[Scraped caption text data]
▼
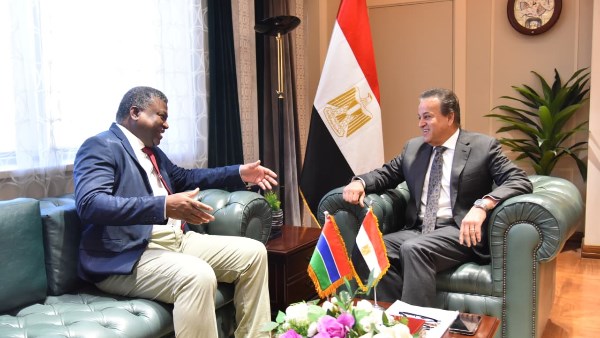 الدكتور خالد عبدالغفار و وزير صحة جامبيا 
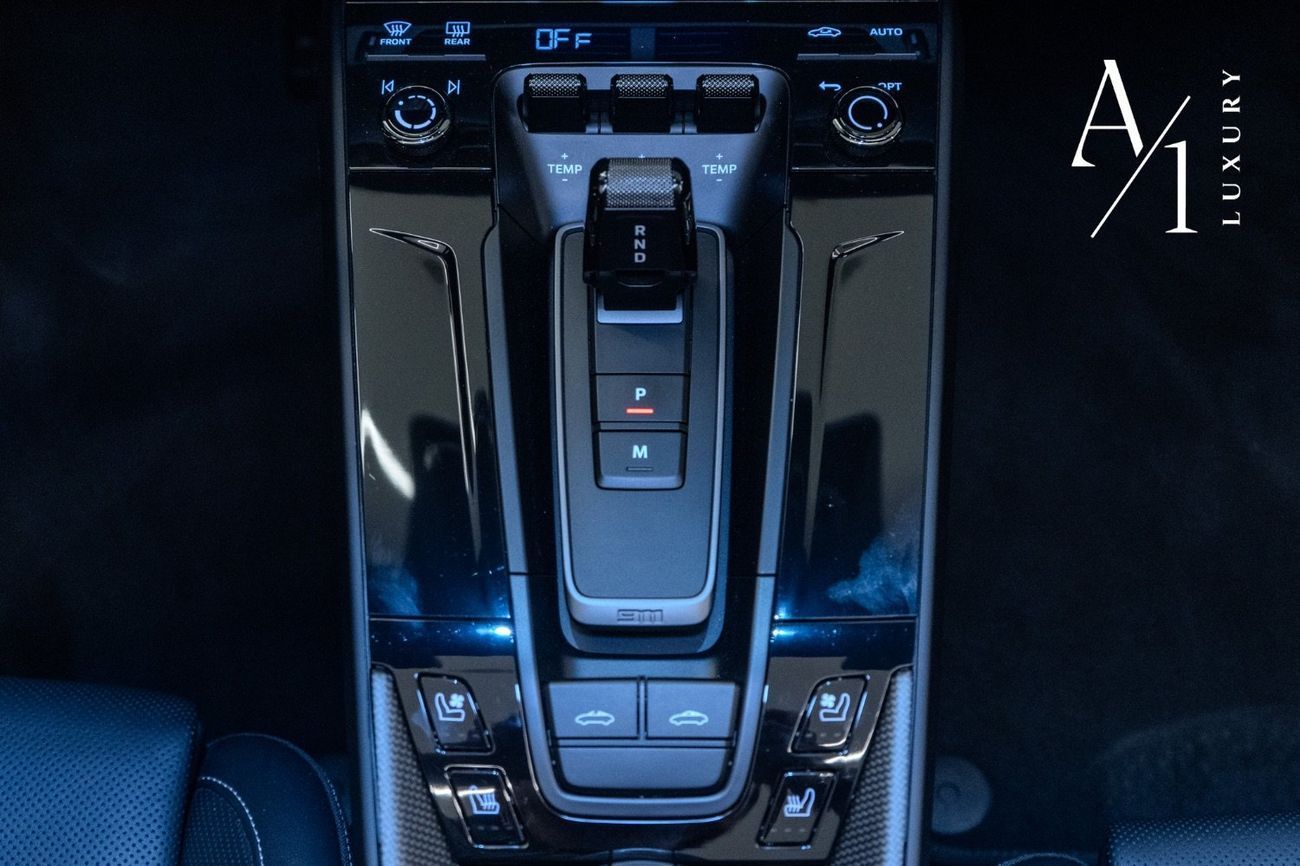 Porsche 911 Targa 4S 3.0L (444 HP) Convertible 2025 Porsche 911 Targa 4 GTS Convertible, Warranty in       Al Na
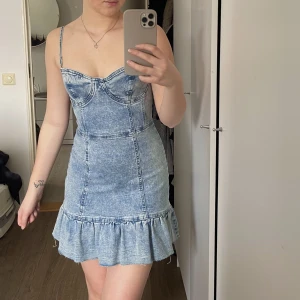 Jeansklänning - Superfin sommarklänning i jeans färg! En klänning som är väldigt stretchig i materialet så den är väldigt skön och inte alls stel att ha på sig! Endast använd 2 gång
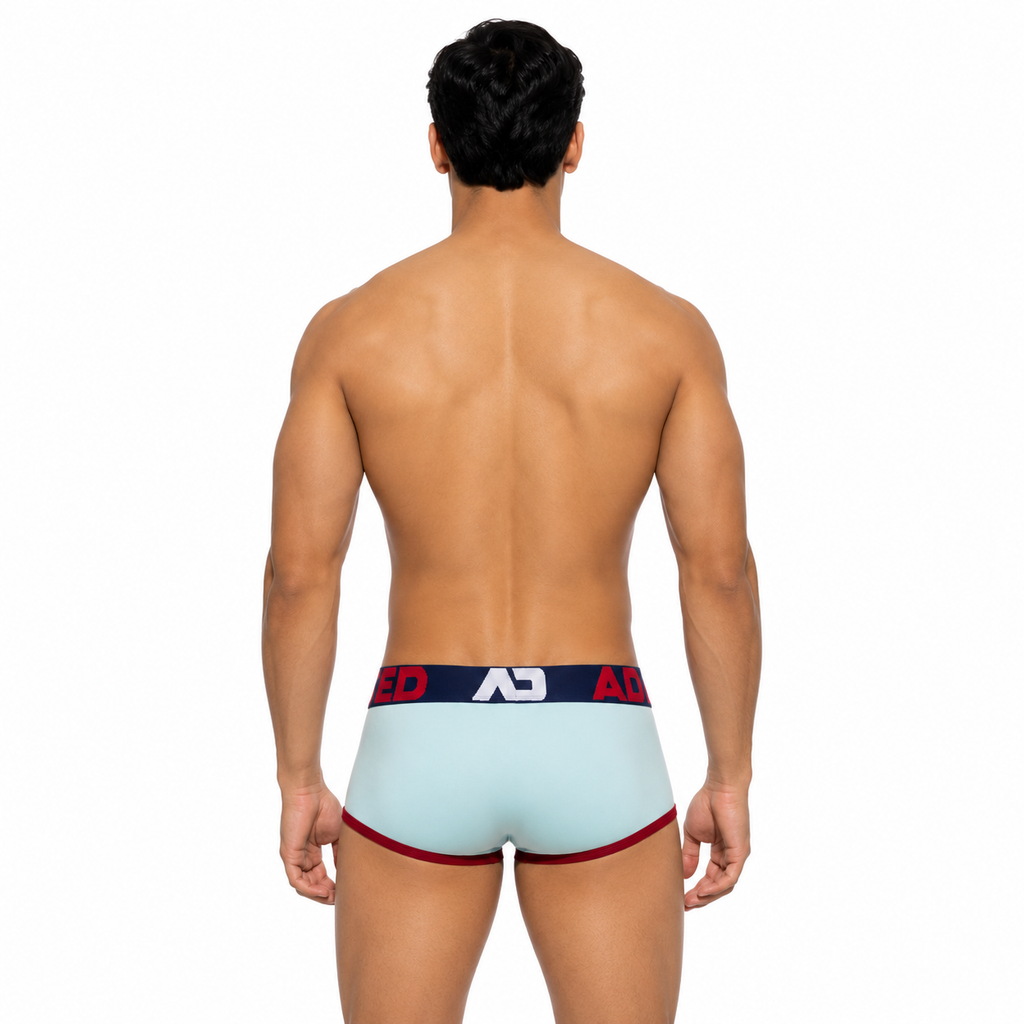 SEAMLESS TRUNK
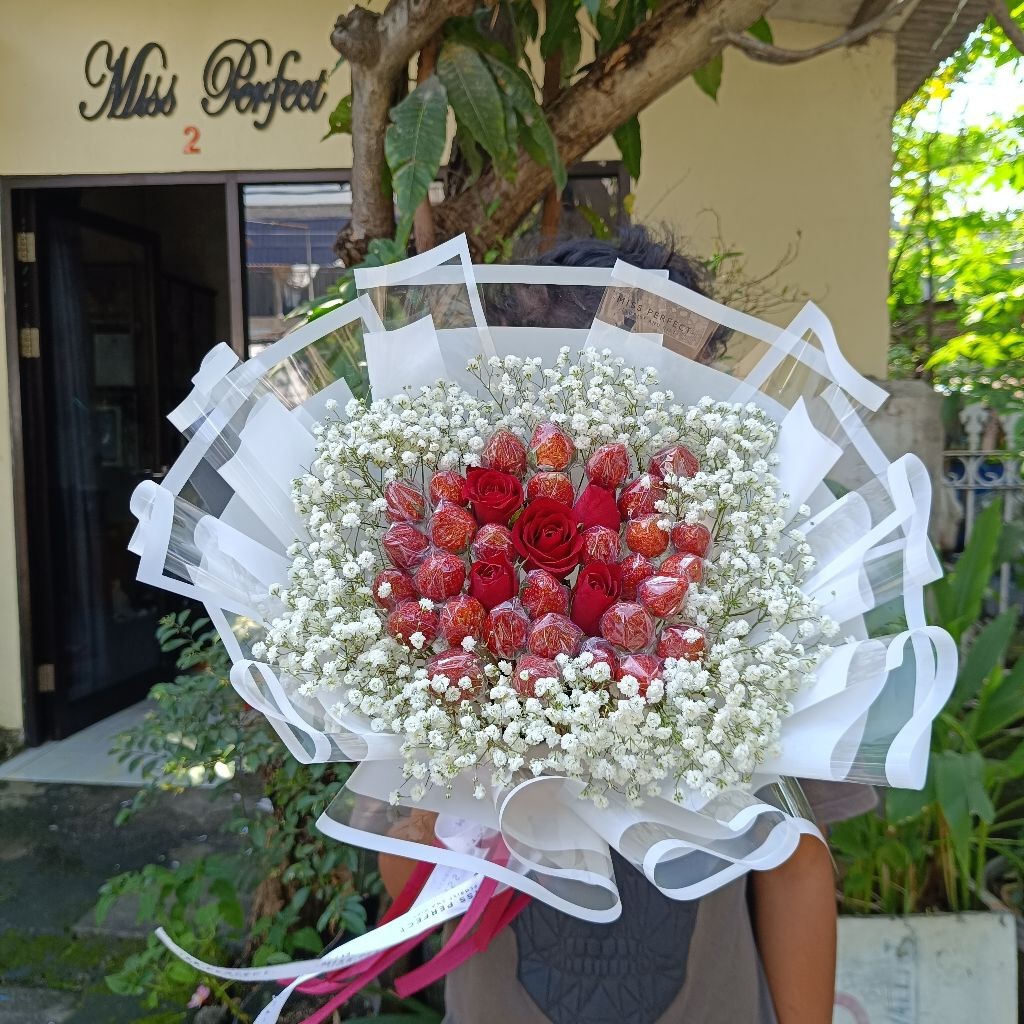 

buket buah strawberry fresh Surabaya fresh strawberry semangka bouquet round hadiah ulangtahun anniversary valentine sidang wisuda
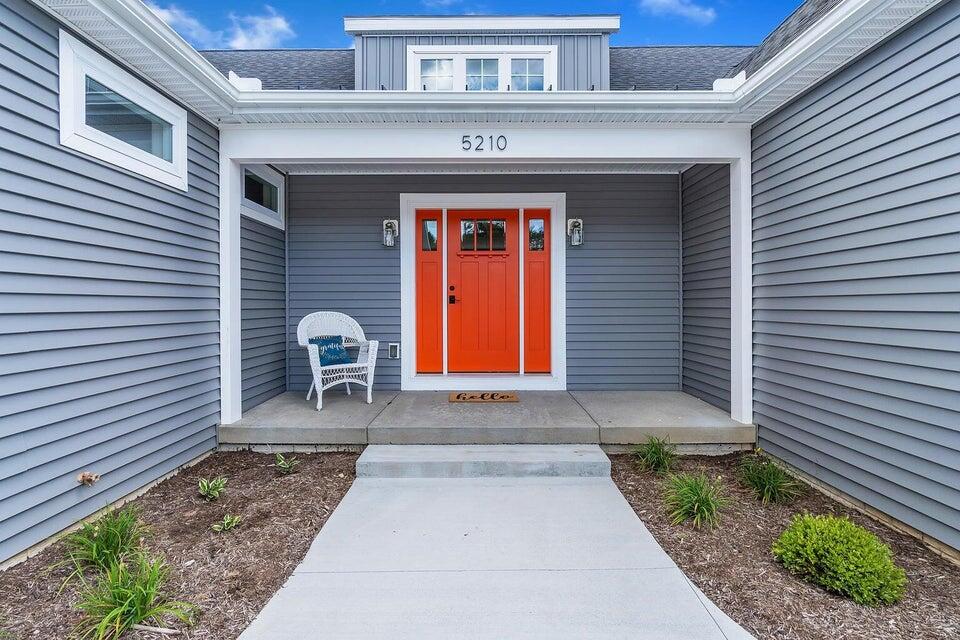 5210 Grande View Lane Jackson, MI 49201 - Photo 2 of 22 20260202135549791525000000-o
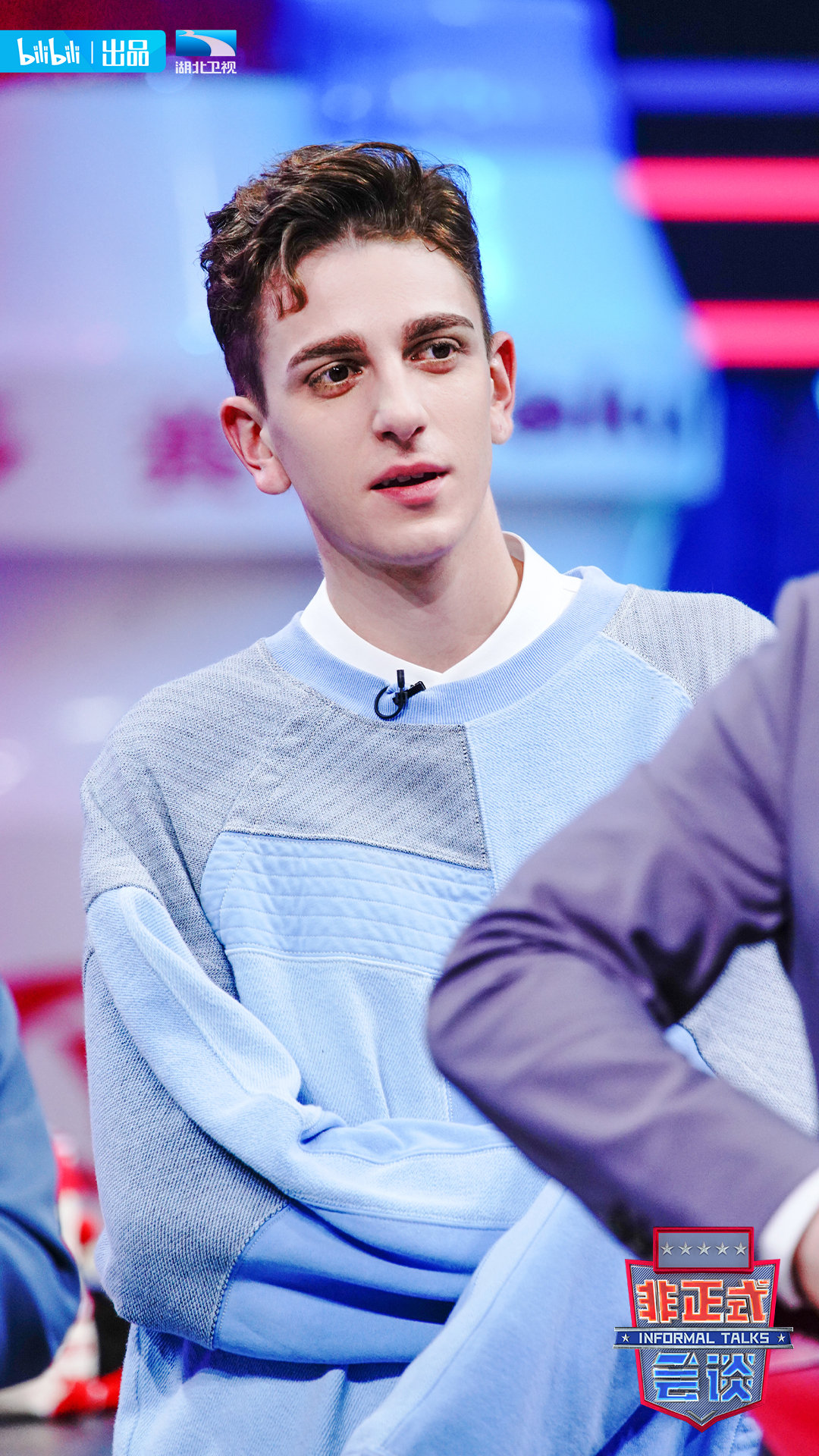 00:46今日代表是我们暖心的阿乐医生非正式会谈胆小的萨沙@小萨超人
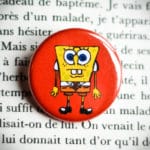 Badge 32mm Bob l’éponge rouge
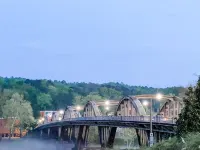 Suite Stella, a cozy 2-bed 2-bath home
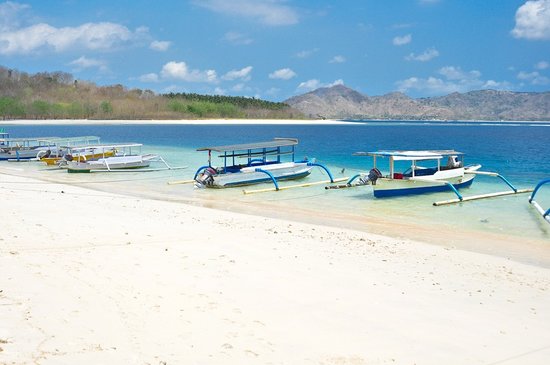 7 Tempat Bulan Madu Terindah di Indonesia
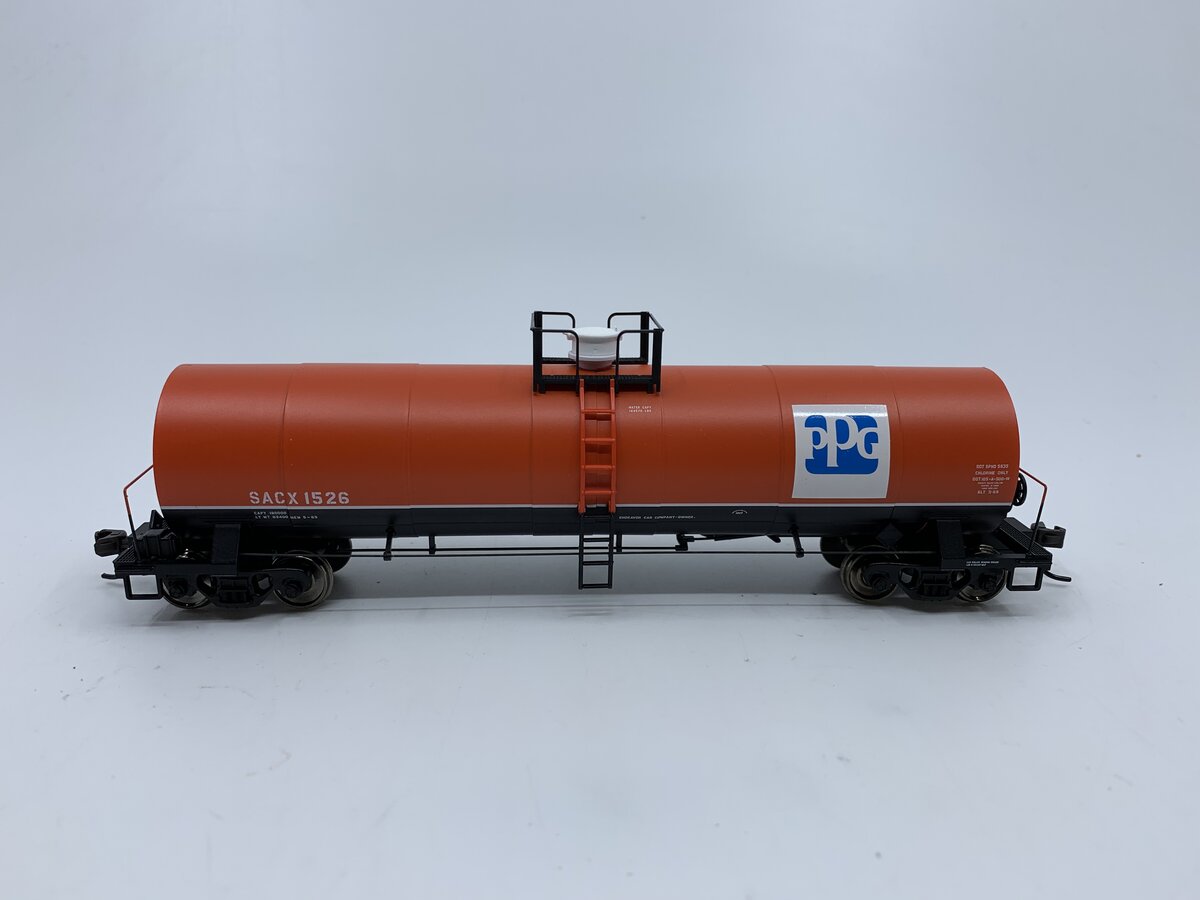 Atlas 1557-2 HO Scale PPG 17,360 Gallon Tank Car #SACX 1526 MT/Box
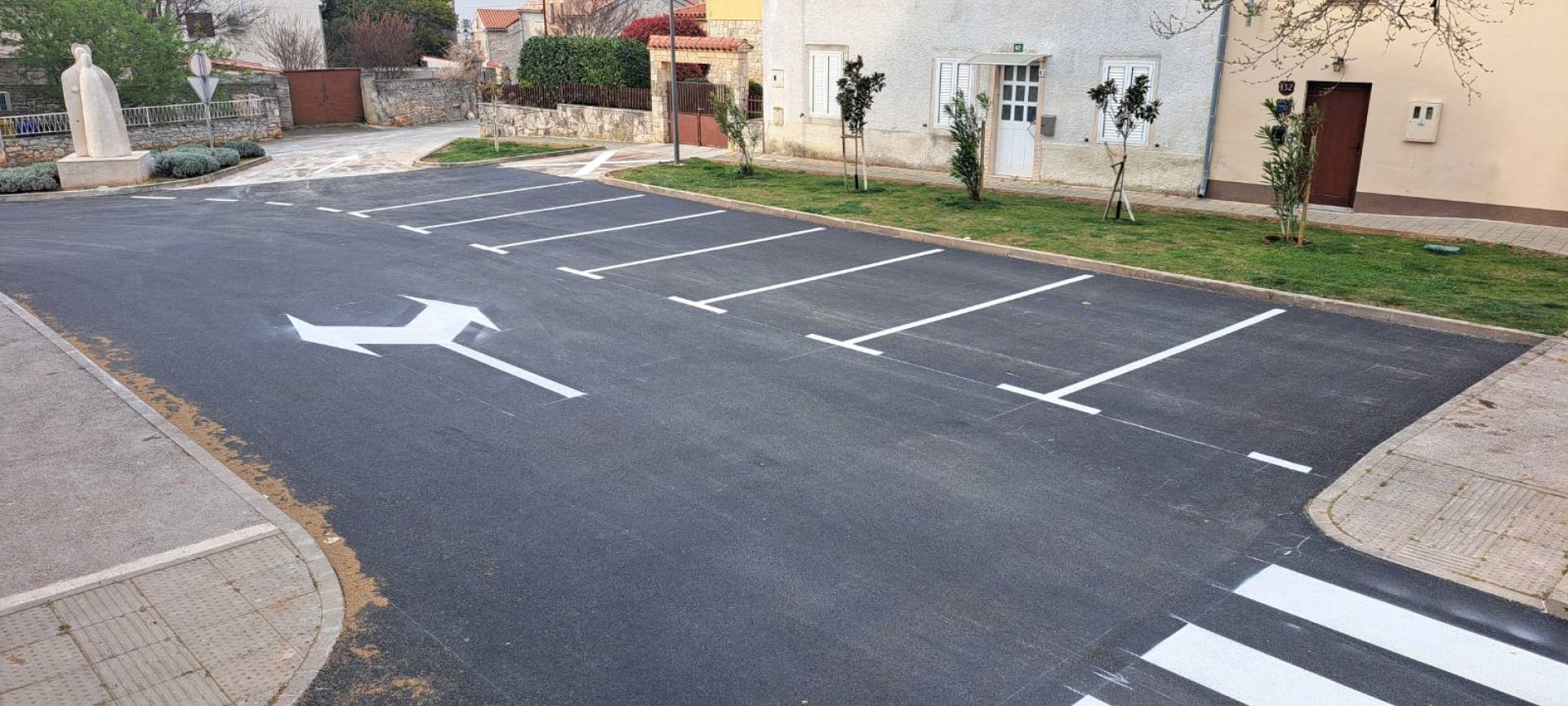 Obnova asfaltnog sloja u krugu crkve sv. Agneze u Medulinu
▲
Without the pictures, give back the entries exactly.

 الدكتور خالد عبدالغفار و وزير صحة جامبيا 
 Porsche 911 Targa 4S 3.0L (444 HP) Convertible 2025 Porsche 911 Targa 4 GTS Convertible, Warranty in       Al Na
 Jeansklänning - Superfin sommarklänning i jeans färg! En klänning som är väldigt stretchig i materialet så den är väldigt skön och inte alls stel att ha på sig! Endast använd 2 gång
 SEAMLESS TRUNK

buket buah strawberry fresh Surabaya fresh strawberry semangka bouquet round hadiah ulangtahun anniversary valentine sidang wisuda
 5210 Grande View Lane Jackson, MI 49201 - Photo 2 of 22 20260202135549791525000000-o
 00:46今日代表是我们暖心的阿乐医生非正式会谈胆小的萨沙@小萨超人
 Badge 32mm Bob l’éponge rouge
 Suite Stella, a cozy 2-bed 2-bath home
 7 Tempat Bulan Madu Terindah di Indonesia
 Atlas 1557-2 HO Scale PPG 17,360 Gallon Tank Car #SACX 1526 MT/Box
 Obnova asfaltnog sloja u krugu crkve sv. Agneze u Medulinu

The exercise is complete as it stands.